Addressing emotions in commercial disputes
 
Every dispute is a family dispute. Hyperbole works to attract attention and illustrate the more prosaic truth, and that is the intention of thisparagraph. The less provocative point to be made is that commercial disputes have emotional dimensions and addressing these emotional issues can be of real assistance in resolving them. Disputes lawyers, internal and external, usually ignore or marginalise these emotions as they are seen as irrelevant to the legal elements of the dispute. We are not trained to incorporate management of emotions into legal dispute resolution or to formally recognise the role emotions play.
 
What can be forgotten is that activities in even the largest companies are conducted by ordinary people.
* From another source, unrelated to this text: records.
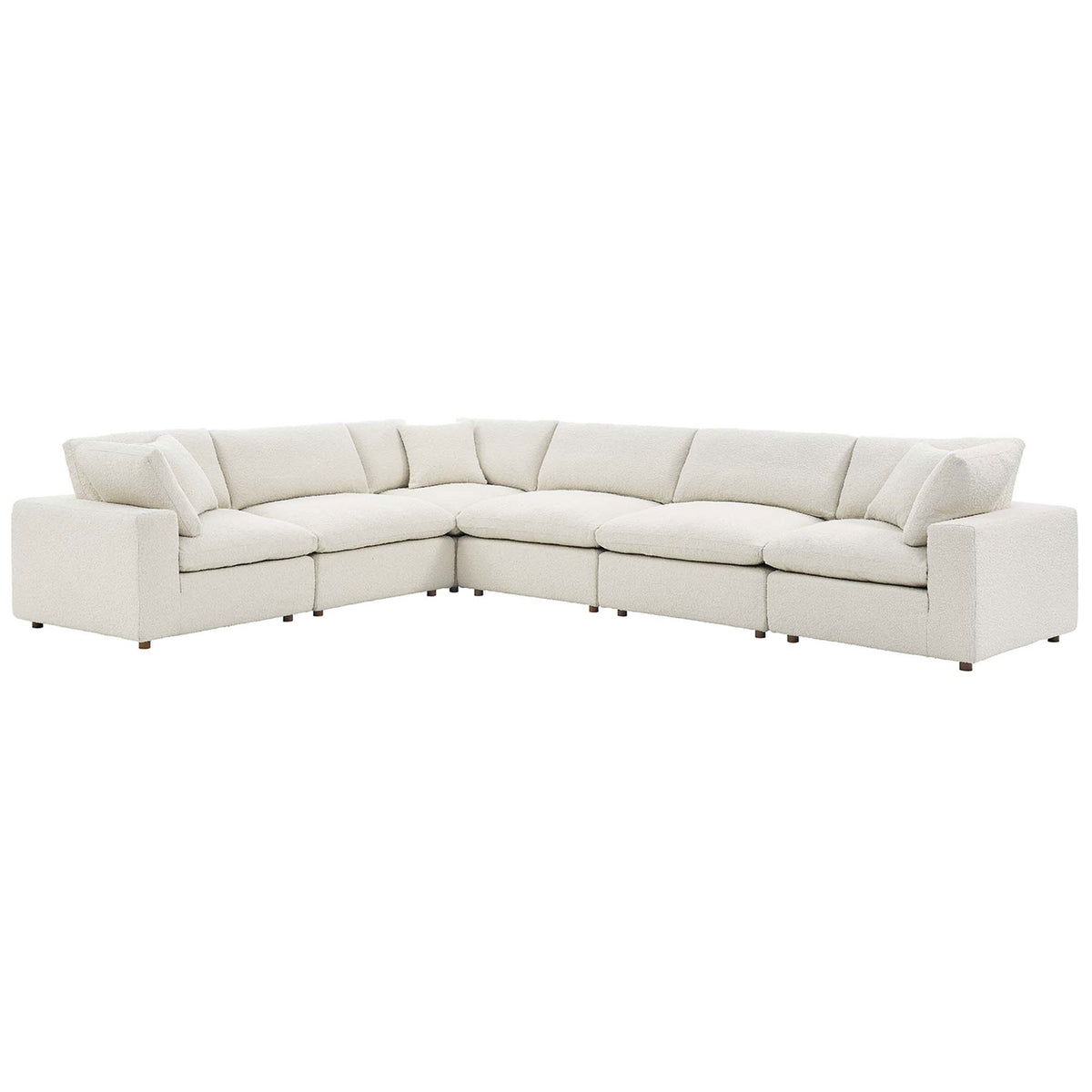 Spacious ivory boucle sectional with deep, overstuffed cushions and a low, lounge-ready profile || EEI-6369-IVO || front_angle_studio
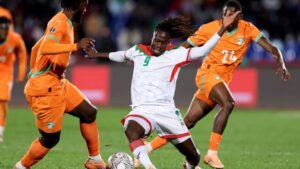 Le joueur marocain numéro 9 défie les adversaires ivoiriens lors d'un match dynamique, illustrant la compétition vibrante du football africain.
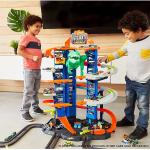 Ultimate Garage Assalto del T-Rex Robot, con 2 Macchinine incluse, Hot Wheels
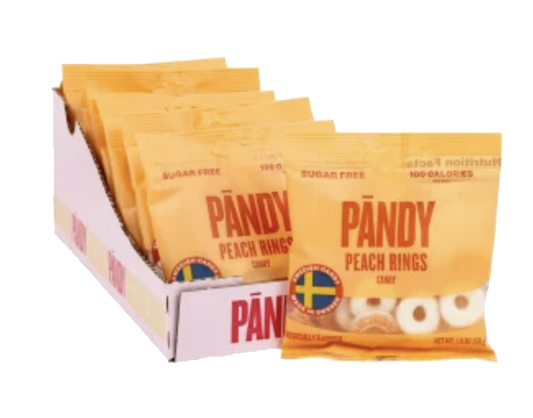 PANDY Peach Rings pouches in a display box with pale ring candies visible.
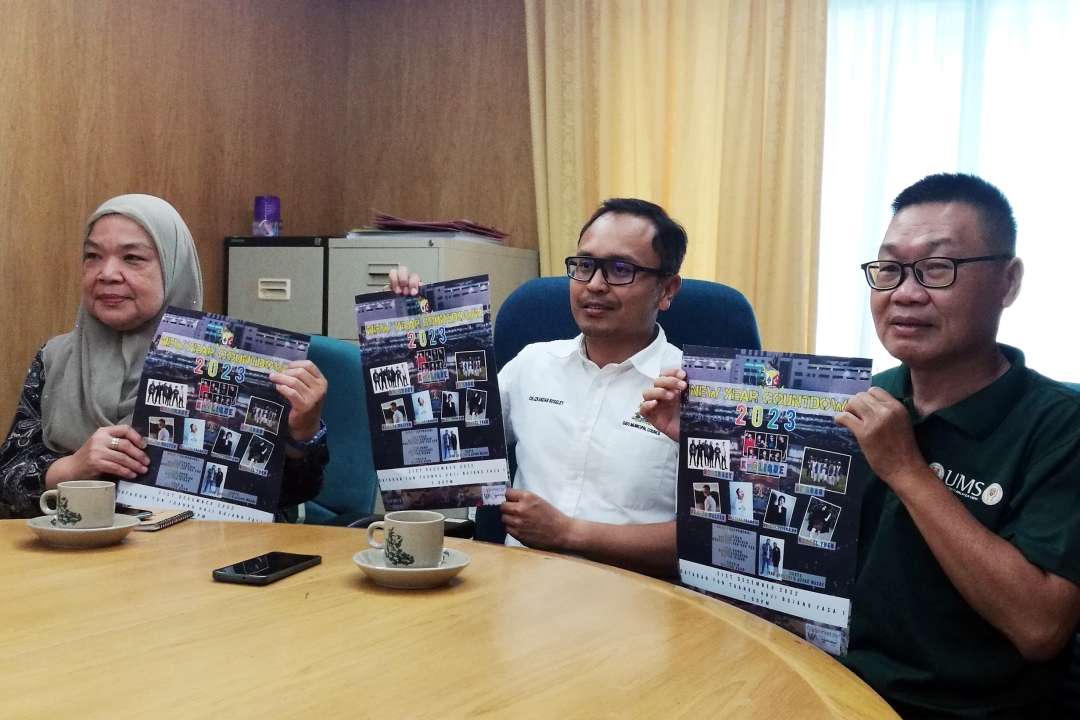 (From left) Zaiton, Mohammed and Yii holding the posters of the event.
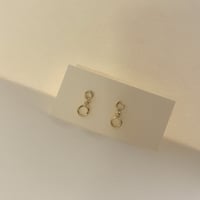 "firm" earrings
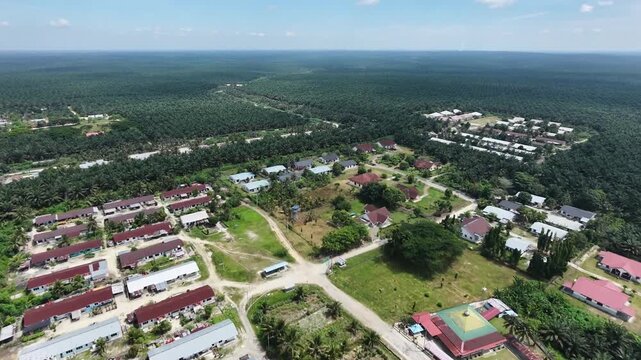 Aerial view of an employee dormitory housing complex for palm oil plantation workers, surrounded by vast green estate fields under a bright sky. Rural communities and agricultural lifestyles.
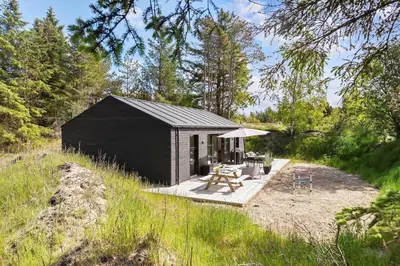 a small black shed with a picnic table and umbrella at BL1565-Blokhus-Plantagevej-2-A in Blokhus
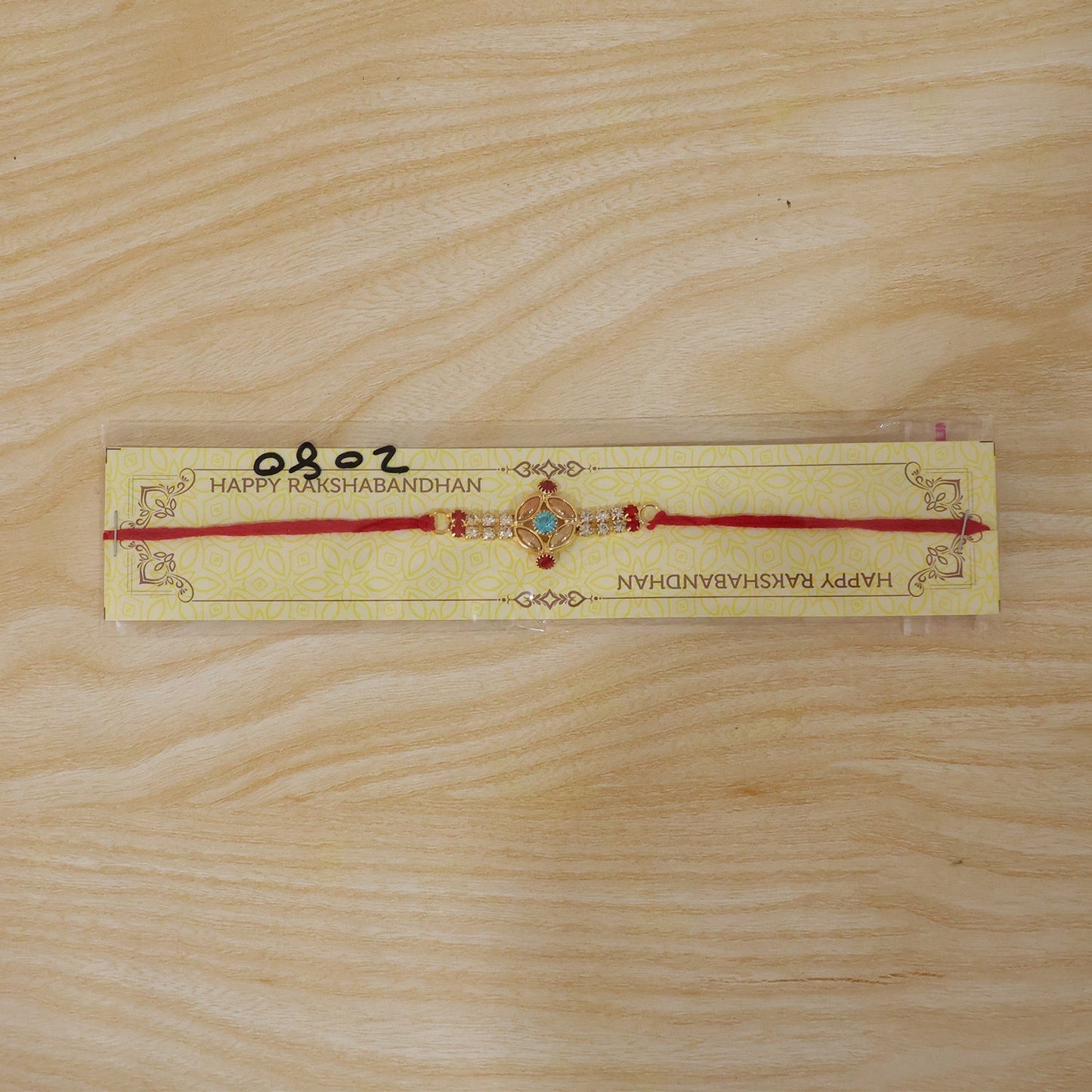 Kundan Rakhi featuring a bright turquoise stone, ready to be tied on a brother's wrist.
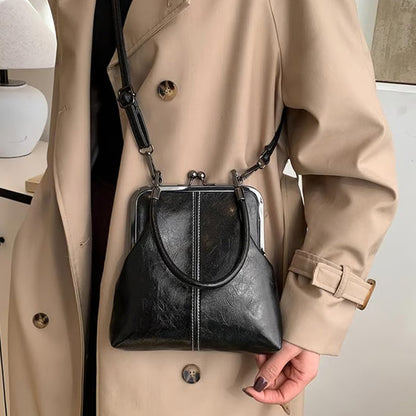 Sac bandoulière pour femme avec fermoir à boule et poignée supérieure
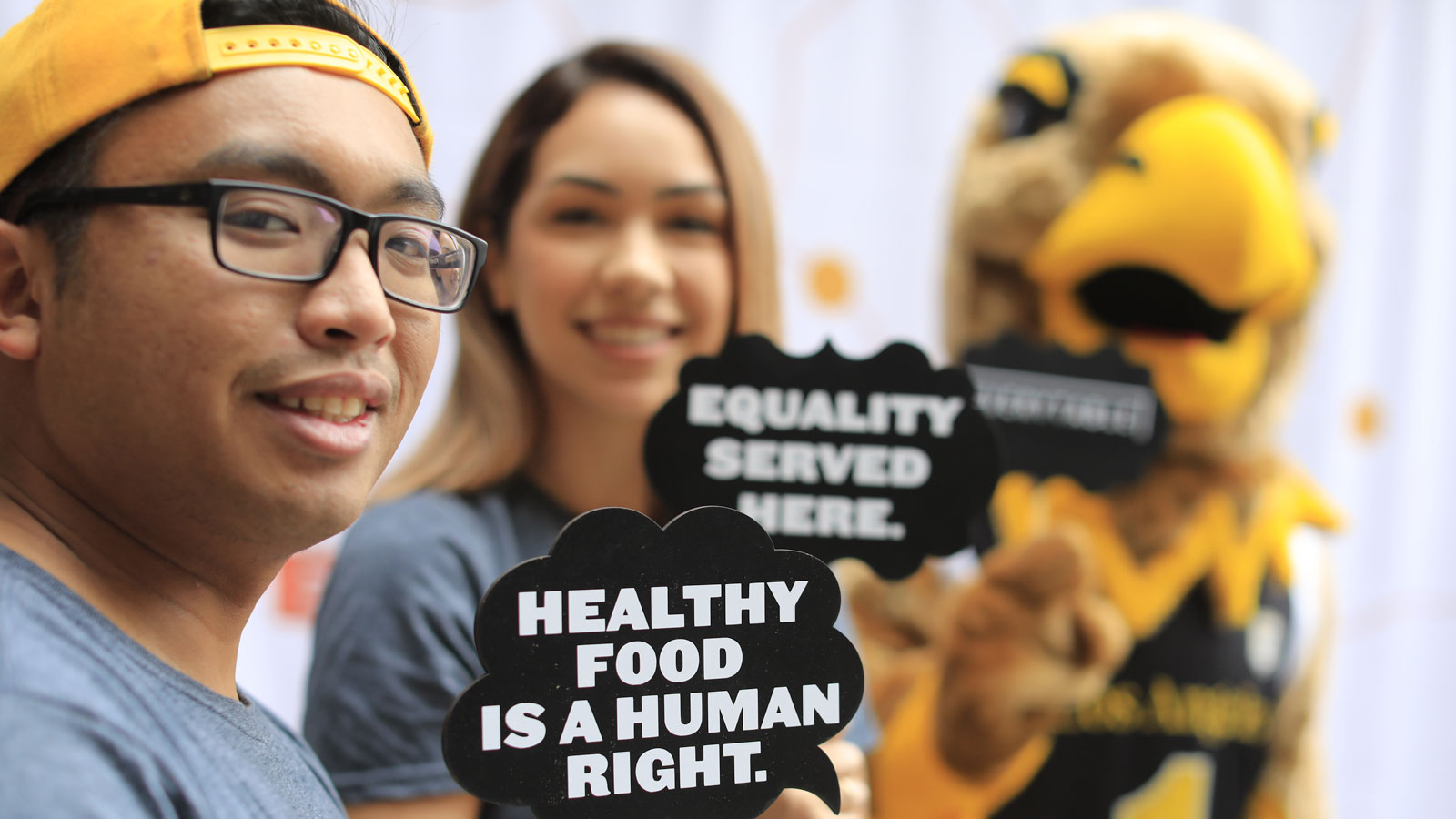 Cal State LA students with Everytable signage that reads "Healthy food is a human right".. Cal State LA students with Everytable signage that reads "Healthy food is a human right"..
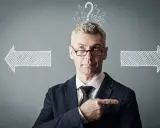 Un homme d'affaires réfléchit, entouré de points d'interrogation et de flèches. Il cherche la meilleure solution, peut-être avec un logiciel GED.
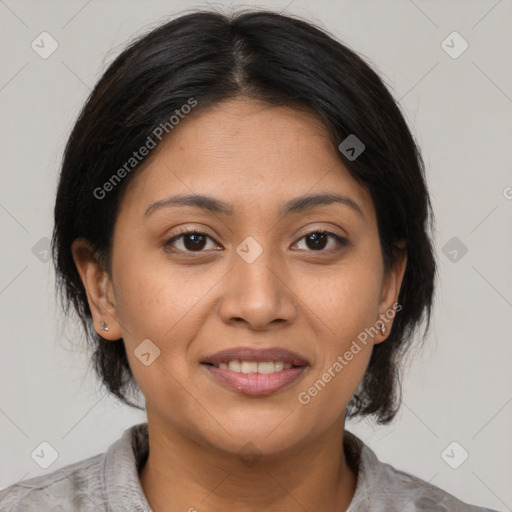 Joyful latino young-adult female with medium  brown hair and brown eyes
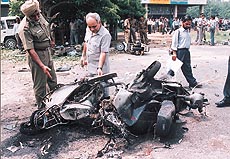 A forensic expert examines the mangled remains of two-wheelers damaged in a major blast in Sector 34 of Chandigarh on Wednesday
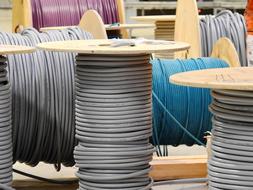 Colorful cables on the cable drums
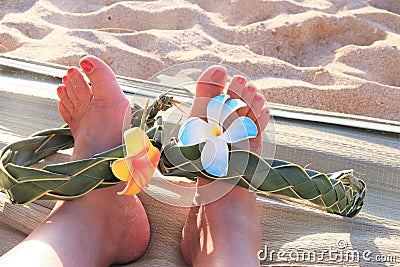 Female feet on the sand sith a Hawaiian, flower band Stock Photo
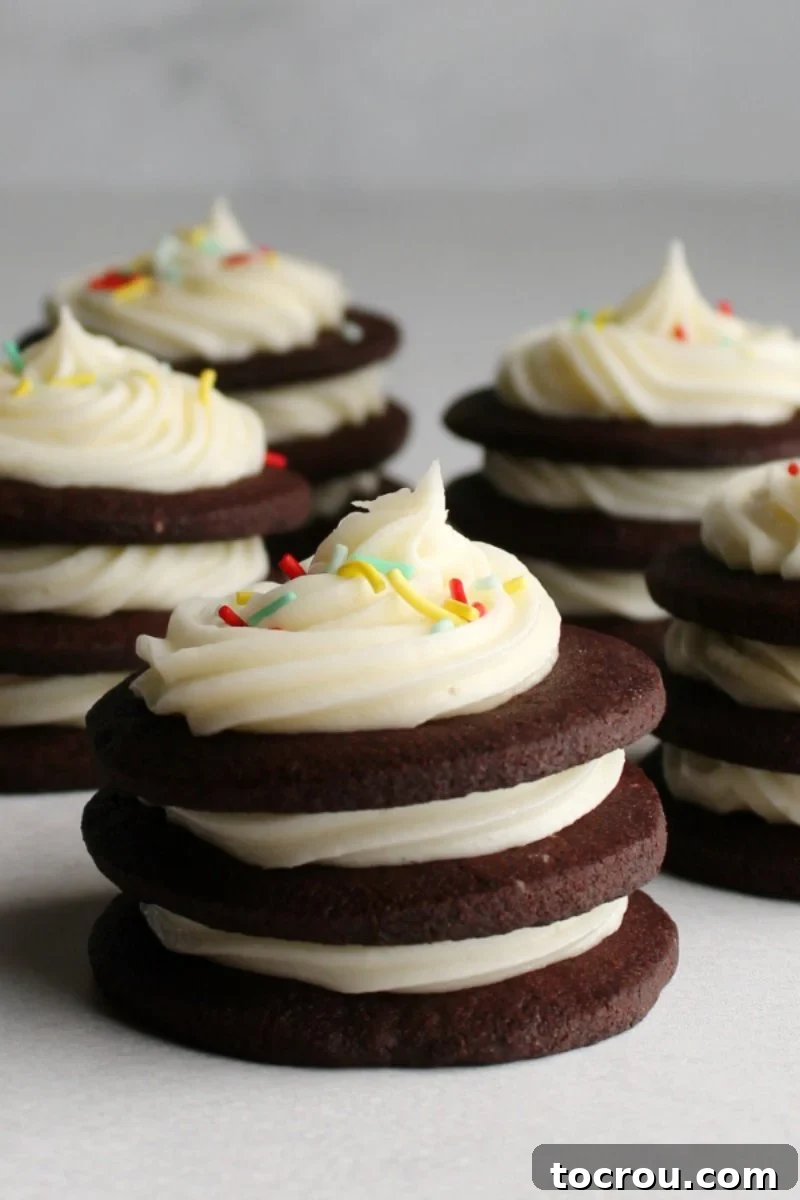 Stacks of dark chocolate cookies generously filled with piped cream cheese frosting between layers.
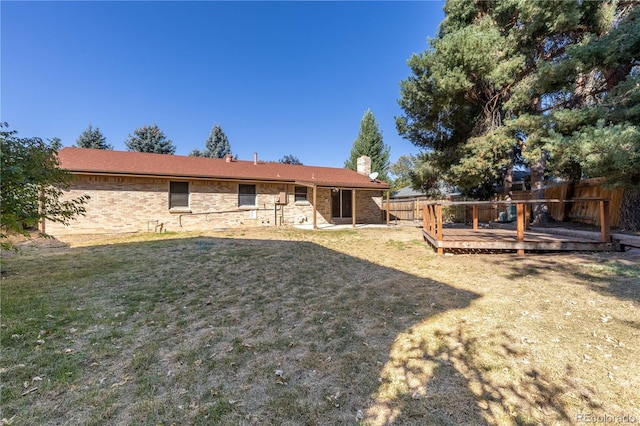 back of property with a deck and a lawn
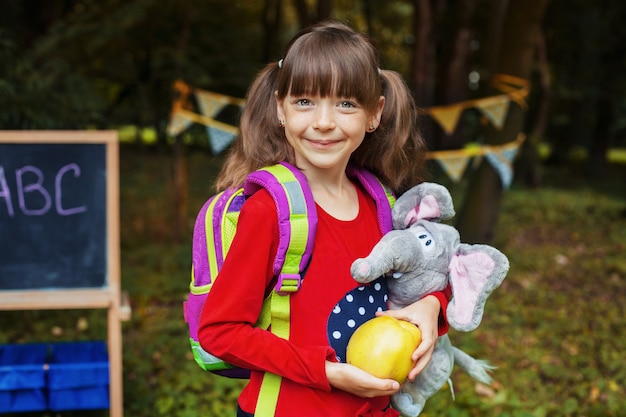 Menina com uma mochila, uma maçã e um elefante. De volta à escola. O conceito de educação, escola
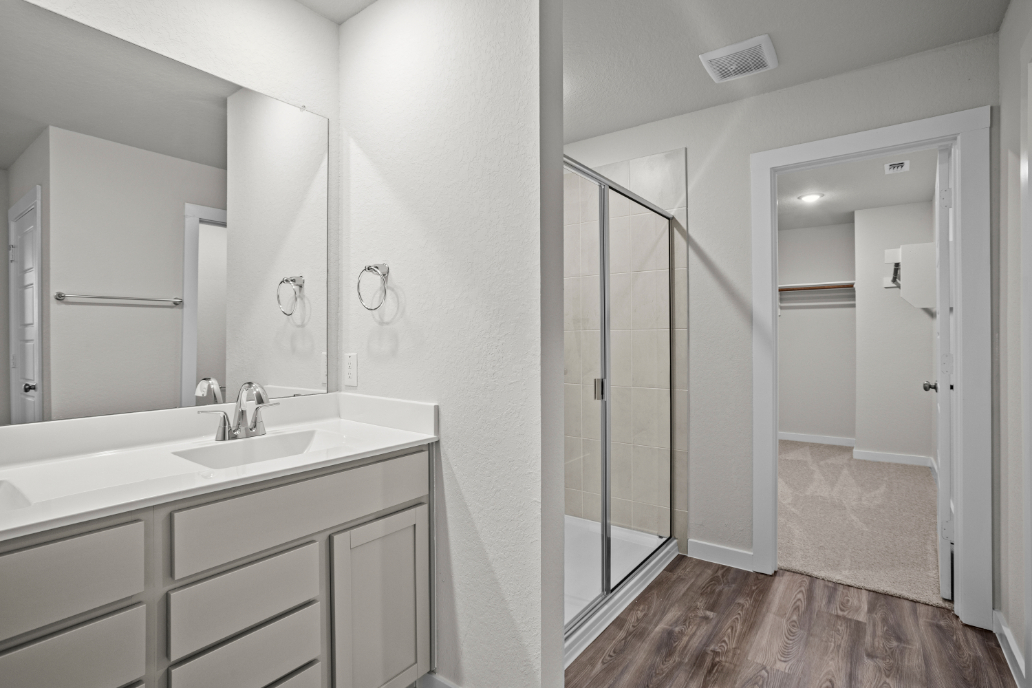 A bathroom with a glass shower.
An ordinary person in one company is buying something from an ordinary person in another company. Both of those people report to slightly more senior ordinary people who in turn report to more senior ordinary people. No-one in that scenario is an automaton. Anyone dealing with someone in a different company can be upset or offended when their counterpart fails to perform, not the least because it can put them in a difficult position with their superiors or others in their company. Those in the more senior positions can be similarly affronted when those with whom they do not have a personal relationship do not perform. Feelings can be strong even at the highest levels where the counterparty’s failure can be taken as a slight on the company.
 
 
Emotions are certainly irrelevant to the legal and evidential issues in litigation and arbitration. However, even lawyers themselves develop emotions about a dispute. Internal lawyers can be just as offended by the counterparty’s behaviour as their commercial instructors, particularly if they clash with their legal counterpart. External lawyers can also readily identify with and develop feelings for the client’s cause, again especially if the opposing lawyer annoys them.
 
Business and those attending it assume that commercial relationships are based purely on economic exchange, divorced entirely from social or relational exchange. The players feel obliged to act according to rational choice lest they be criticised or ostracised. They refuse to acknowledge the role of non-rational factors in managing contracts and disputes and attempt to sublimate those factors to constructed rational ones.
 
 
Promptly resolving disputes in continuing relationships
 
Different dynamics apply where the parties are in a continuing commercial relationship from one where the relationship has ended, either naturally or by breach and termination of the only contract between them. Where the relationship is continuing, the parties need the dispute dealt with as quickly as possible to avoid it becoming unmanageable in any way (e.g. emotionally, financially, operationally) or resulting in a (further) breach or in litigation or unwanted termination of the relationship.
 
Intermediate dispute resolution methods such as negotiation and mediation provide the possibility of this early resolution, or if not resolution at least recognition and potential dealing with some of the worse consequences. Justice Bergin Chief Judge in Equity of the New South Wales Supreme Court, said extracurially[1]:
 
From a case management point of view commercial/financial disputes in which the parties remain in a commercial relationship require prompt resolution. The parties embrace this promptitude because they wish to resolve the dispute that is presently affecting their commercial dealings. Others who have terminated their relationships are not as interested in such promptitude. This attitude flows through to the mediation setting. Experience in Australia is that parties in complex commercial disputes who are still in a relationship are more amenable to urgent mediation than those who have terminated their relationship.
 
If such disputes are left, they run the risk of becoming intractable and more difficult to resolve.
 
Cameron is an is an expert in dispute resolution, having been a DR partner in a leading law firm and then a barrister at the independent Bar practising in commercial disputes. He is trained mediator and an arbitrator on the panels of the Singapore International Arbitration Centre, the Kuala Lumpur Regional Arbitration Centre and the Beijing Arbitration Commission and has sat as sole arbitrator in a number of arbitrations. He is a Fellow of the Chartered Institute of Arbitrators, the Singapore Chartered Institute of Arbitrators and the Australian Centre for International Commercial. 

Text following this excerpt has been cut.